Infelizmente essa semelhança entre dinheiro e pessoas não se restringe ao mundo virtual, no que diz respeito à depreciação de valor. Assim como existem moedas de diferentes valores, também as pessoas têm mais ou menos valor social, o que é chamado de status. Há aqueles considerados importantes, inacessíveis ao homem comum, como as notas de 100, que a gente sabe que existe mas se viu ao vivo foi uma, no máximo duas vezes na vida. Há o cidadão comum, classe média, que circula todos os dias por aí, e todos estão acostumados a ver e lidar todo dia, como as notas de 50, de 10, de 5... e tem também aquelas pessoas que são menos importantes na escala, que existem aos montes por aí, e quase ninguém repara. Alguns estão rasgados, amassados, sujos, como as notas de 1, outros a gente simplesmente passa por cima, quase não dá importância, como os centavos.

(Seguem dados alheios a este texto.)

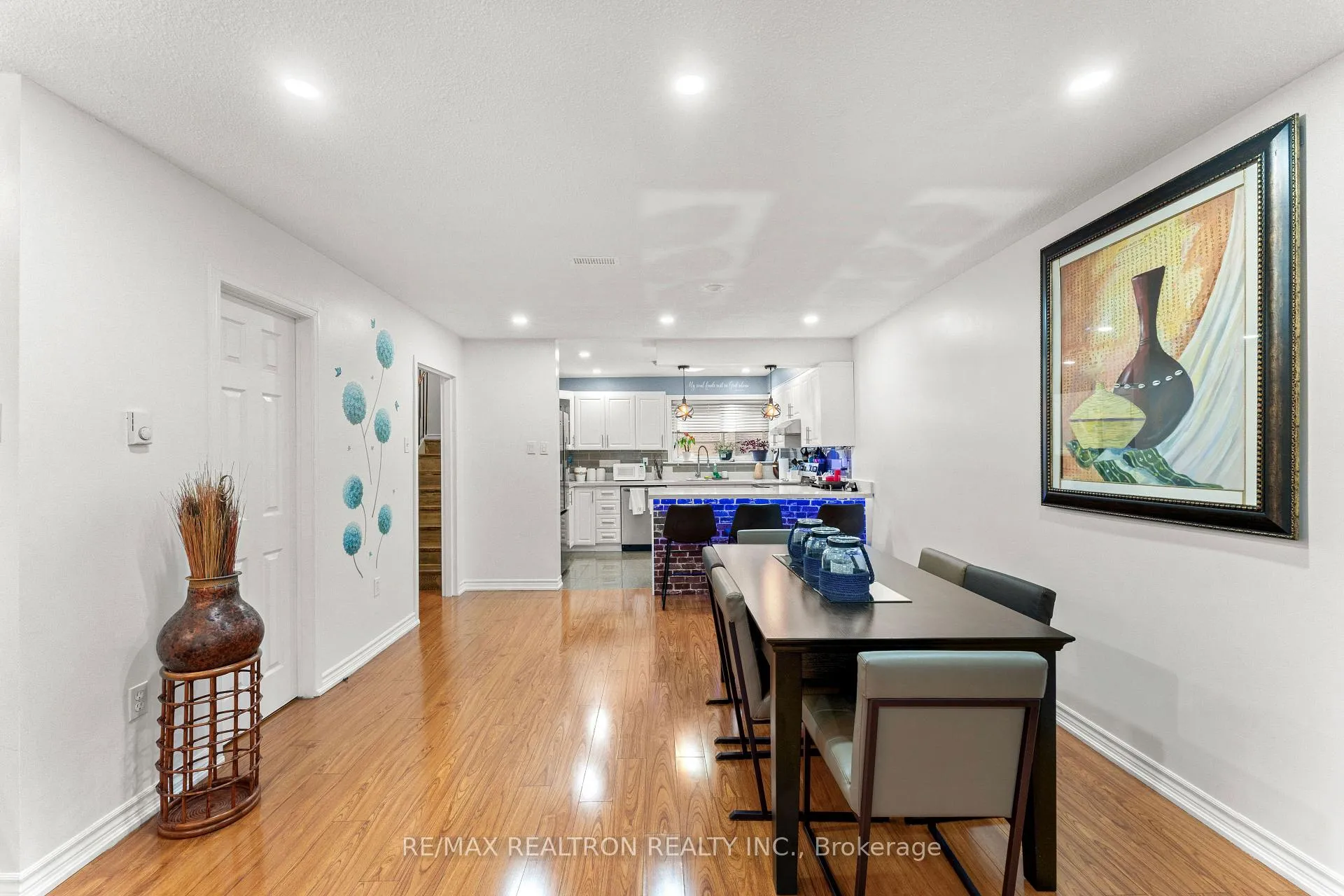 Photo 9 of Unit 28, 91 Muir Drive E, Scarborough, Scarborough Village — HOMEH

Alguns podem não concordar com essa minha análise comparativa, inclusive alegando que essa convenção social com relação às pessoas não se dá somente no âmbito da convivência, mas também existem laços de afinidade e relações de parentesco que atribuem valor às pessoas, o que não ocorre no caso do dinheiro. Bom, de certa forma sim, já que o amor de uma mãe por seu filho não pode ser comparado desta forma, mas o respeito entre membros de uma mesma família, as relações de obediência, de não procriação entre parentes próximos, são padrões convencionados socialmente também, mesmo que não encontrem seus similares nas convenções monetárias (talvez nos títulos patrimoniais, ou ações, mas aí já não compreendo a área e não posso afirmar nada concreto a respeito). Agora uma coisa eu posso afirmar, pura e simplesmente como opinião pessoal: se as pessoas vissem o dinheiro apenas como o que são: pedaços de papel, metal, ou códigos binários, e conseguissem ver uns aos outros como iguais talvez o mundo fosse um pouco melhor do que é.